My rating: 3 of 5 stars

I give a book three stars for one of two reasons. The more common reason is that it's neither particularly good nor particularly bad, just kind of average. The other reason, and the one that applies here, is that it's simultaneously good and bad. There are aspects that deserve four stars, and other aspects that deserve two, and I split the difference.

I read the sample of the first book in the series, [b:Geekomancy|13609386|Geekomancy (Ree Reyes, #1)|Michael R. Underwood||19206590], and didn't find it engaging enough to want to read the rest, particularly since there were so many negative reviews. However, I thought I'd give this one a chance when I saw it on Netgalley, and picked up the ARC (advance reader copy).

That means I didn't pay for this book, but got a free copy from the publisher for purposes of honest review.
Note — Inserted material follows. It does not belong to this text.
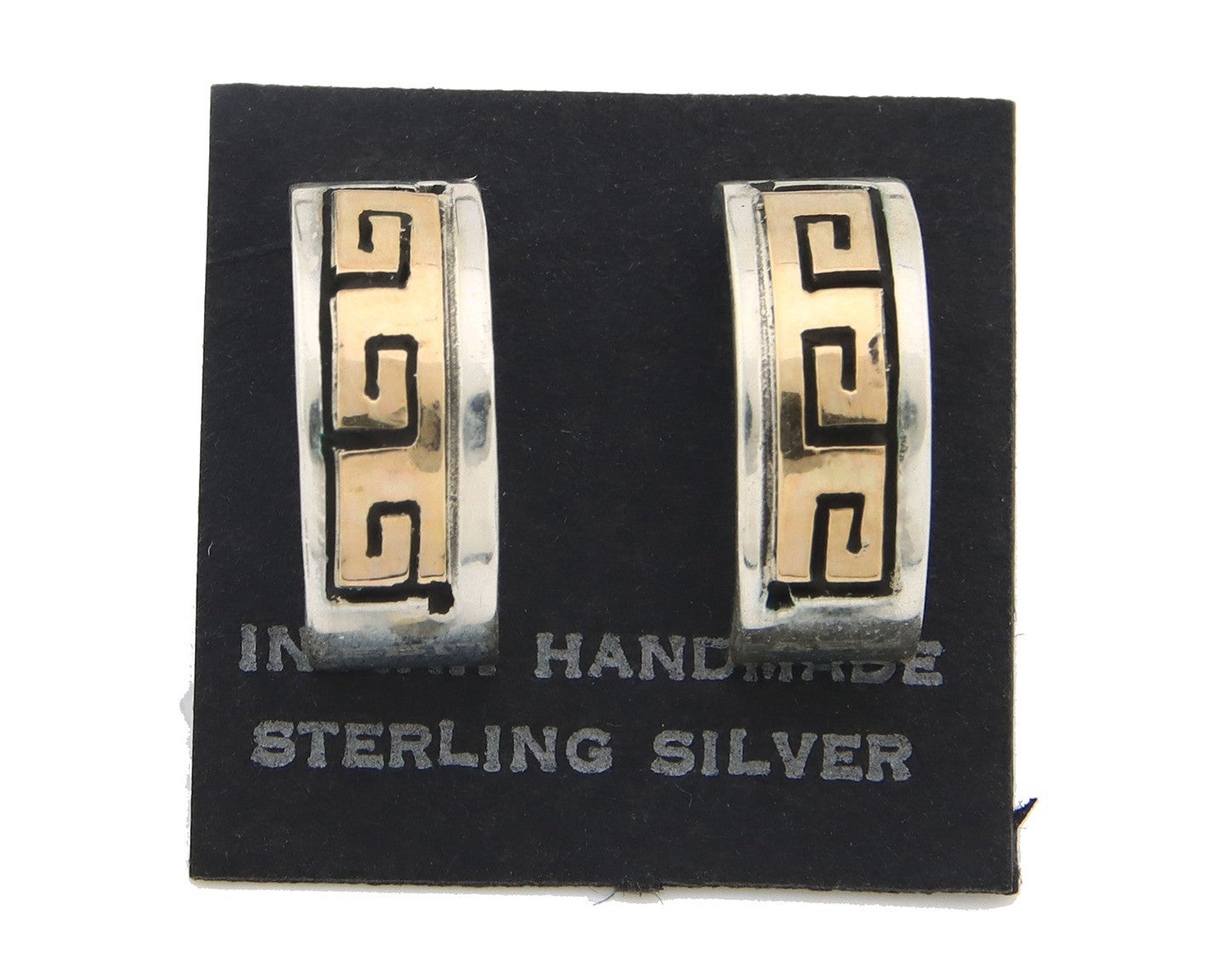 Navajo Earrings Sterling Silver & Gold Vintage Handmade Signed S Skeets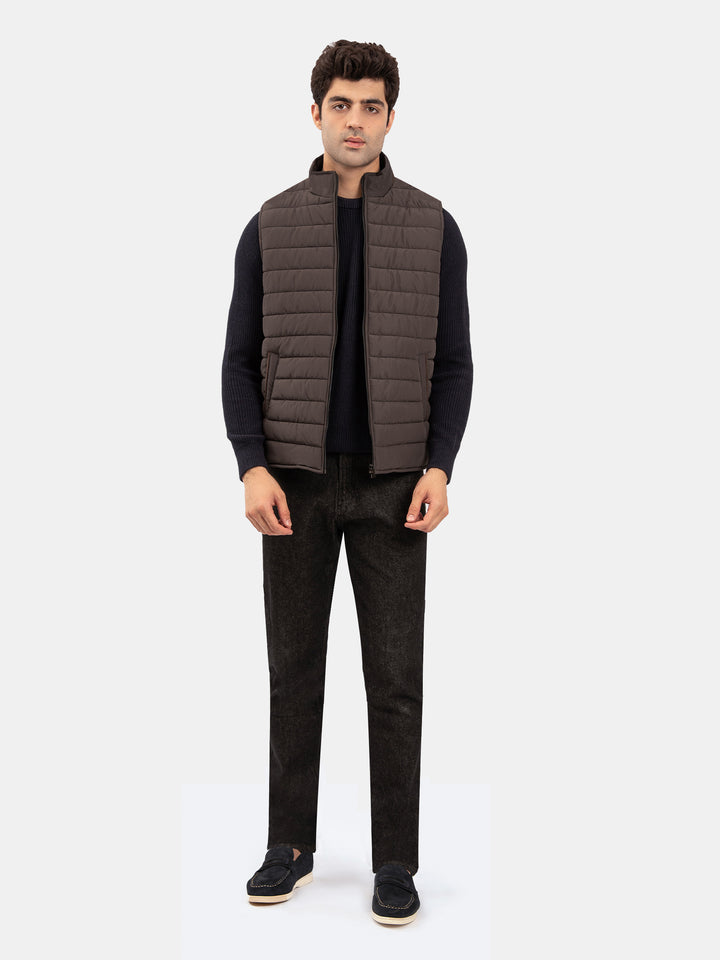 Pastel Brown Sleeveless Puffer Jacket With Leather Detailing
There's a big disclaimer in the front that says I should compare it with the published version before I quote anything, because it's not the final version.

Well, I didn't go so far as to buy the published version (which is out now), but I did download the sample, and most of the issues I'd found in that part of the book were still there. I was saddened, but not surprised, because the standard of editing at major publishing houses is dropping and I've stopped expecting much. There were still two embarrassing homonym errors ("wretch" for "retch" and "lead" for "led", the latter being repeated twice more in the rest of the book), and there was still a scene in which the characters apparently entered the same car twice. One thing was fixed: throughout the book, there are hyphenated adjectival phrases like "freaked-the-hell-out". In the ARC, the first hyphen was missing, but in the sample of the published version, it was there. There are probably a couple of dozen of these phrases, and they're an annoying enough quirk without also having errors in them, so I hope the editor got them all (and the outright misspellings).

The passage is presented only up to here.